Monday, 11 May 2015

Treasures rediscovered

I've finally made a determined start on clearing out my attic. I have been accumulating stuff in there for the last ten years, starting when the attic was in fact Mum and Dad's. Especially since they died in 2009, I've used the attic more and more as a very convenient place to store a multitude of things it seemed best to hang onto for the time being. Things I can't store 'downstairs' because I have no 'spare room'. I live in a bungalow.

The project is actually spurred on by two important considerations. First, once it's empty, it will be easy to upgrade the insulation in the attic: the existing insulation isn't up to modern standards. Second, a time will come - many years from now, but come it will - when I won't feel inclined to climb up into the attic much, if at all. It would be best to remove everything now, while I'm still nimble.

In principle, everything presently up in the attic may get thrown away or destroyed - on the basis that if I don't use it in my day-to-day life, then it's inessential and can go. But obviously there are going to be exceptions. I have been finding items not seen for years, and some of them might be described as 'treasures' - not because they are valuable, but because they have a connection with my childhood, or my teens. I want to preserve stuff like this, and not discard it.

For instance, yesterday I went through several boxes of books, magazines and brochures that were lurking in the shadows up in the attic. Most of this could be bagged up for the landfill bin or popped into the recycling bin. But some of the books found a place again on one or other of the bookshelves in my study. One was a battered little volume entitled Stewart's Modern Geography:


I bought this at a secondhand bookshop by the harbour at Padstow in Cornwall in 1970, when I was eighteen. I'm sure I wouldn't have paid much for it. Back then, it was still possible to buy bound nineteenth-century books for very little, particularly a school textbook like this one. I bought it primarily for its maps.

Opening it, the publishing date of MDCCCXLVI is printed - that's 1846. So it describes the world as it was in the first half of the nineteenth century, in language intended for young scholars but hardly suitable for them. It all looks rather formidable, a textbook full of stilted grammar, turgid with facts that I imagine had to be learned by rote - and woe betide the young scholar who could not regurgitate them perfectly. It was written by a man in Holy Orders. I imagine he was a precise, formal man with a short temper and a peppery disposition.


It begins: The earth which we inhabit is not, as was long supposed, a vast extended plain... Well, if the pupil had to be reassured of this, then presumably the book was meant to be an fairly elementary introduction to what was known of the world in 1846!

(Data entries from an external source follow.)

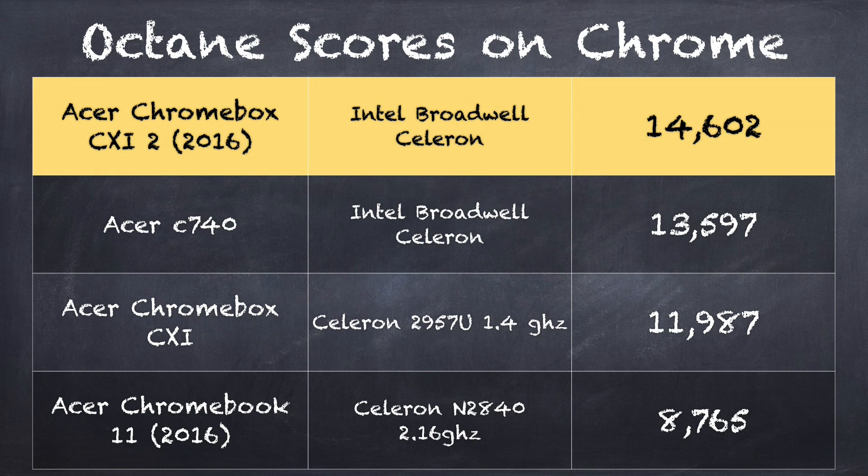On the Octane benchmark test, we get a score of 14,602. This test measures how well it can render web pages and process JavaScript — all the things you'd typically do on the web. That's a very good score, about 20% faster than what we saw in last year's Acer Chromebox, and certainly a lot faster than what you might see on some of the mobile Celeron chips found in many other Chromebooks out there, including some from Acer.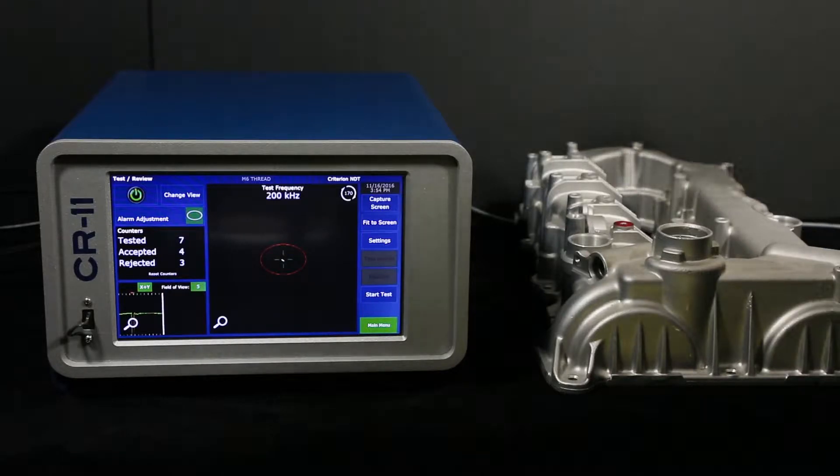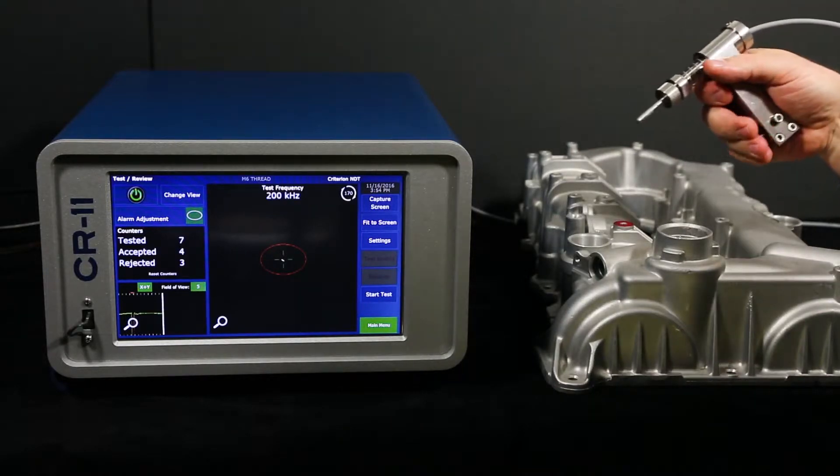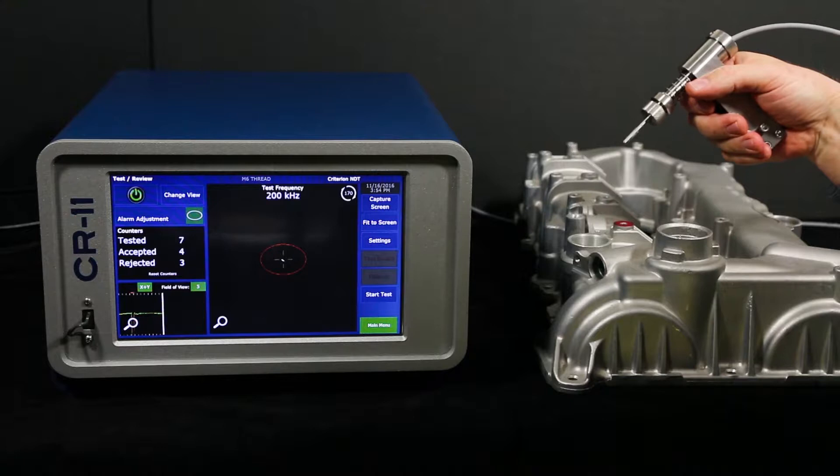Hi, this is Carl from Criterion NDT. I'm here to demonstrate a thread test on an aluminum valve cover. I'll be using the Criterion CR11 eddy current test instrument, operating with a single coil eddy current probe specifically designed for thread detection.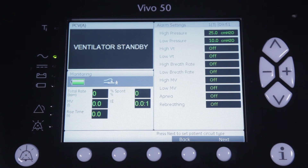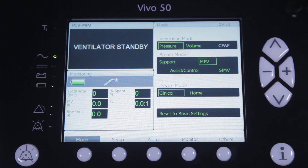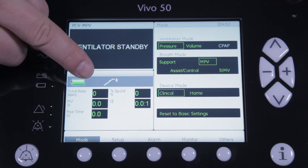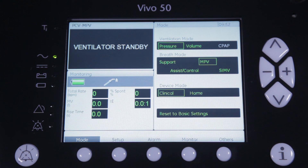All we have to do now is press next and the Vivo is ready to be used in pressure controlled MPV. As you can see, the ventilator shows PCV MPV as the ventilation mode and has changed the icon of the circuit type to a circuit with an angled mouthpiece as used during MPV.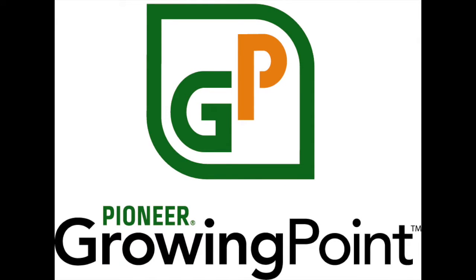It's the week of March 27th, 2017, and you are listening to the Pioneer Growing Point Agronomy Podcast. Today we discuss corn on sod production. I'm your co-host, DuPont Pioneer Field Agronomist Brian Buck. With me is DuPont Pioneer Field Agronomist Josh Schaffner. This is Episode 5 of 2017.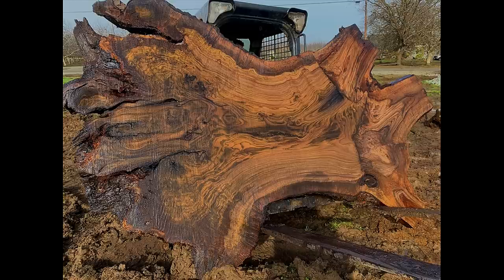Hey, this is Hunter with Lone Star Woodworking, and in this video we're going to use this monster of a slab to build one of my nicest tables.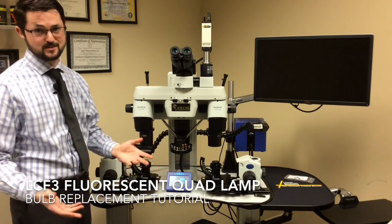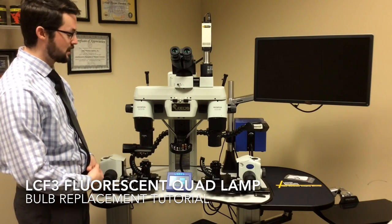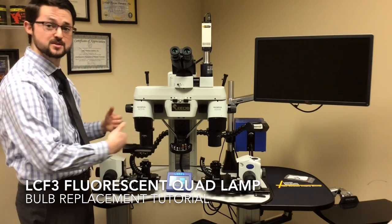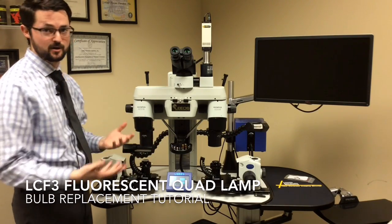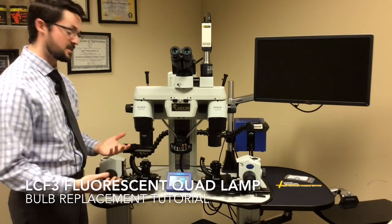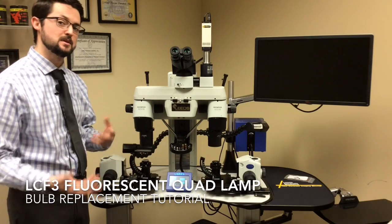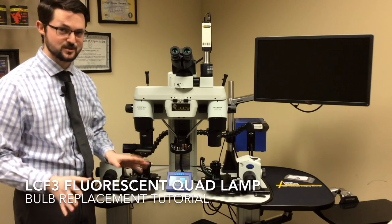Because it's a bulb, sometimes they'll burn out. The quad lamp is designed so when one bulb burns out, actually both sides of the microscope — both bulbs — go dark. So I'm going to say 90% of the time if your quad lamp is not turning on, it's because there needs to be a bulb replacement. Your quad lamp is actually perfectly fine.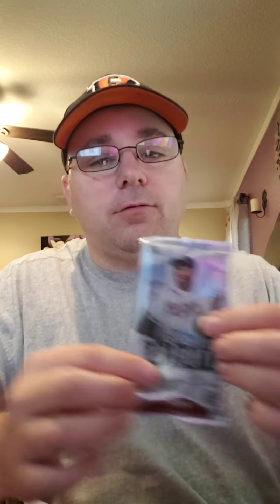I did not get any Topps Tribute 2019 last year, so pretty excited about that. Most of you guys know that Tribute comes with either a patch or a signature — it says one on-card autograph or game-used memorabilia card. You get three cards per pack. Usually the hit is the card that's in the middle, so we should get something pretty decent in this pack, hopefully. So without further ado, let's go ahead and get to breaking this thing.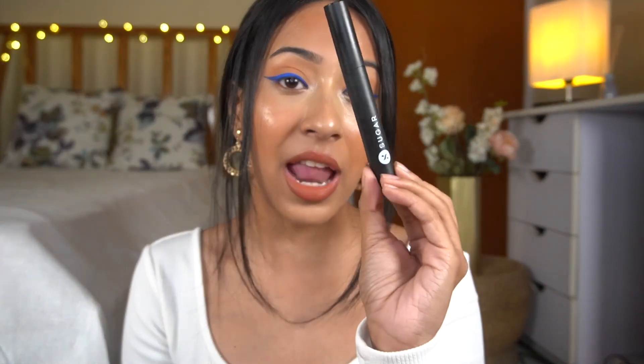I'll show you guys how I use it — I'll zoom in so you can see how this mascara actually works. I just wanted to mention that my current favorite mascara is the Sugar Lash Mob Limited mascara, which I have used many times on my channel. I'm just noting that as a reference point for comparison whenever I test out any new product.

The section on Greece is typical. Not at all my idea of a worthwhile description of the country and its characteristics. Nary a map of mineral deposits; nor a map showing the first railway routes; nor a table of shipping tonnages handled by the main ports; nor any graphs showing the production of samian wine or the population of goats, at yearly intervals. Just an opinionated potted history, followed by a useless glossary of towns, rivers, mountains and islands.


The young scholar is told that under the Ottoman oppression the Greeks have degenerated from the lofty and gallant spirit of former times, and have effectively become lower than worms. No wonder Lord Byron felt compelled to intervene.


Clearly the objective was to fill the head of youngsters with a medley of facts (or factoids) that they could repeat parrot-fashion, without much understanding or analysis.

The Reverend Alexander Stewart: Boy! Under what yoke were the Greeks oppressed?
First Scholar: The yoke of the Turkish domination, sir!
The Reverend Alexander Stewart: Boy! By whose interposition was their independence secured?
Second Scholar: The armed interposition of Britain, Russia, and France, in pursuance of a treaty concluded in London, sir!
The Reverend Alexander Stewart: And you, boy! To whom did they offer the crown?
Third Scholar: To Prince Leopold, now King of Belgium, sir!

I'm not impressed.

I said I'd bought this book for its maps, and indeed these are rather good. The best one is of Africa:


Look at that. It's 1846, and most of Africa south of the Sahara is marked with the word UNEXPLORED. How that must have fired up the imaginations of the young persons grinding their way through the section on Greece. Unexplored: how wonderful! A chance for adventure! The detail for West Africa does however offer a sobering reminder of why adult Europeans with guns might also be interested in going to Africa. It's in the names on the map. The Grain Coast. The Ivory Coast. The Gold Coast. The Slave Coast.